Walk-through

This walk-through trains a new basecalling model for Oxford Nanopore devices using the Taiyaki software.

A new Guppy-compatible model will be trained, from a set of raw reads, using the Taiyaki remapping workflow.

Basecall reads
Map basecalls to reference
Create input data files for read mapping
1. Per-read reference sequence
2. Read scaling and trimming parameters
Create mapped read file
Train model

For the impatient, the following commands will be run. These will be explained, step-by-step, in following sections.

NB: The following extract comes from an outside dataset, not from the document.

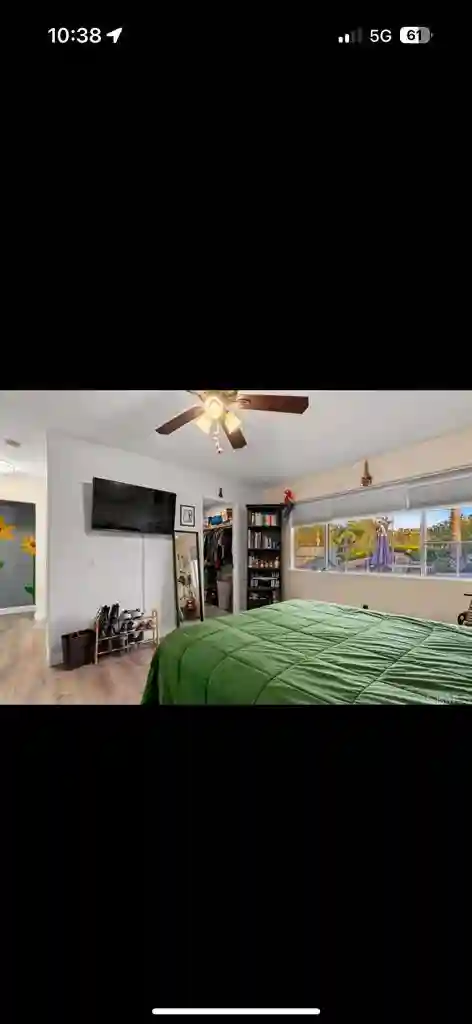 1 en suite available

# Download and unpack training data (approx. 10GB)
wget  https://s3-eu-west-1.amazonaws.com/ont-research/taiyaki_walkthrough.tar.gz
tar zxvf taiyaki_walkthrough.tar.gz
cd taiyaki_walkthrough

# Obtain and install Taiyaki
git clone https://github.com/nanoporetech/taiyaki
cd taiyaki && make install && cd ..

# Basecall Reads -- replace config file with one appropriate for your data (e.g. dna_r9.4.1_450bps_hac_prom.cfg)
guppy_basecaller -i reads -s basecalls -c /opt/ont/guppy/data/dna_r9.4.1_450bps_hac.cfg --device cuda:0

# BAM of Mapped Basecalls
minimap2 -I 16G -x map-ont -t 32 -a --secondary=no reference.fasta basecalls/*.fastq | samtools view -bST reference.fasta - > basecalls.bam

# Extract Per-read References
get_refs_from_sam.py reference.fasta basecalls.bam --min_coverage 0.8 > read_references.fasta

# Create Per-read Scaling Parameters
generate_per_read_params.py --jobs 32 reads > read_params.tsv

# Create Mapped Read File
prepare_mapped_reads.py  --jobs 32 reads read_params.tsv mapped_reads.hdf5  pretrained/r941_dna_minion.checkpoint read_references.fasta

# Train a Model
train_flipflop.py --device 0 taiyaki/models/mGru_flipflop.py mapped_reads.hdf5

# Export to Guppy
dump_json.py training/model_final.checkpoint > model.json

# Basecall test set of reads with new model -- replace config file with one appropriate for your data
guppy_basecaller -i reads -s basecalls_new -c /opt/ont/guppy/data/dna_r9.4.1_450bps_hac.cfg -m `pwd`/model.json --device cuda:0

Prerequisites

Taiyaki is developed on Ubuntu Linux 16.04 LTS and assumes a modern Linux environment.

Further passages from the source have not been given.